En 2012, Lance Weller publia Wilderness, son premier roman (traduit en français et édité par Gallmeister en 2014). La critique vit dans cette épopée une œuvre digne de Charles Frazier ou Comac McCarthy. Antoine Ozanam (Les Âmes sèches, Popeye) en propose aujourd’hui l’adaptation, mise en image par le graphiste Bandini. Le potentiel tragique et plastique de l’œuvre originale a parfaitement été saisi et restitué par les deux artistes. Les grands espaces et les faces burinées sont rendus dans leur expressivité et leur part de mystère. Les atmosphères, souvent oppressantes, absorbent le lecteur, pour son plus grand plaisir. Bandini excelle dans la peinture des immensités, qu’elles soient montagneuses, célestes ou maritimes.

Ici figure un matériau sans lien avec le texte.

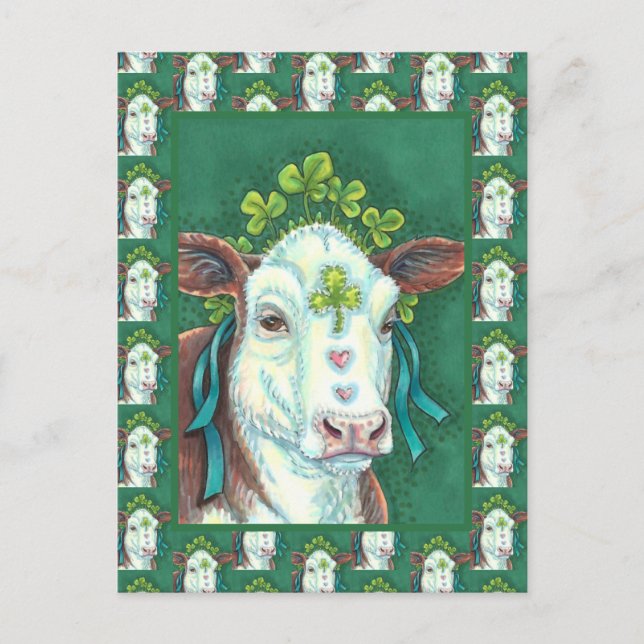 IRISH BRED ST. PATRICK'S DAY HEIFER, SHAMROCK COW HOLIDAY POSTCARD (Front)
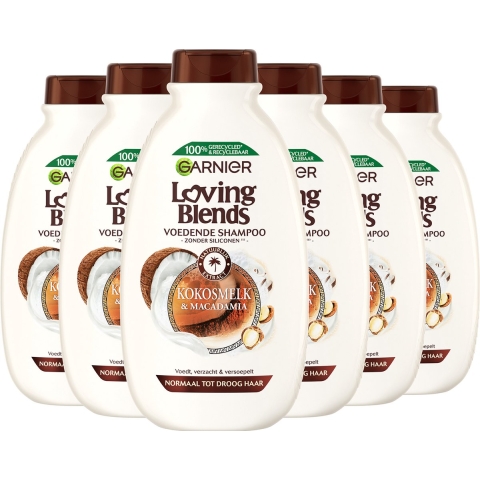 6x Garnier Loving Blends Kokosmelk en Macadamia Shampoo 300 ml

Les nombreux retours en arrière, qui peuvent égarer si la lecture est trop désinvolte, ont droit à un traitement graphique spécifique avec un noir et blanc dépouillé et élégant, alors que la couleur est réservée au présent de la narration. Ponctuellement, une porte bleue ou une chemise jaune y démultiplient l’impact narratif et la portée des symboles. L’absence de linéarité du récit permet une meilleure immersion dans la psyché troublée du personnage principal, chaque épisode constituant une pièce d’un puzzle qui se construit au fil des pages. Du rire, le plus souvent moqueur ou de démence, aux larmes, toute l’humanité est explorée et révélée dans son désespoir insondable. Vivre c’est perdre, s’attacher c’est s’exposer, savoir c’est tourner le dos à l’insouciance. La faucheuse, qui suit Abel comme son ombre, ne veut pourtant pas de lui ; toujours elle le ramène sur le rivage.

Wilderness est une plongée implacable dans ce que la condition humaine peut avoir de plus tragique. Sa lecture en est donc indispensable. « On a tous une part de diable en nous. Et la mienne ne demande qu’à s’exprimer » lance un vieux soldat sudiste.